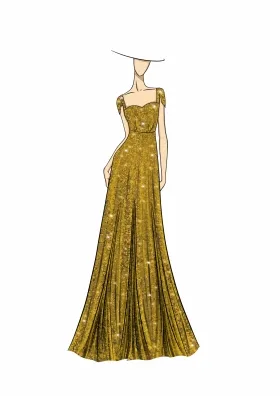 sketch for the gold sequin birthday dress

--

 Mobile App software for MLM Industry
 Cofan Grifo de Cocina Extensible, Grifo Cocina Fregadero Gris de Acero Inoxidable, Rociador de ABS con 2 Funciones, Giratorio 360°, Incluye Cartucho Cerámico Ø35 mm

#### TASK TO COMPLETE:
Print only what lies in the material above starting at the line with "Mobile App software for MLM Industry" and ending at the line with "Cofan Grifo de", every line exactly as given.

#### RESULT FOR THIS EXERCISE:
 Mobile App software for MLM Industry
 Cofan Grifo de Cocina Extensible, Grifo Cocina Fregadero Gris de Acero Inoxidable, Rociador de ABS con 2 Funciones, Giratorio 360°, Incluye Cartucho Cerámico Ø35 mm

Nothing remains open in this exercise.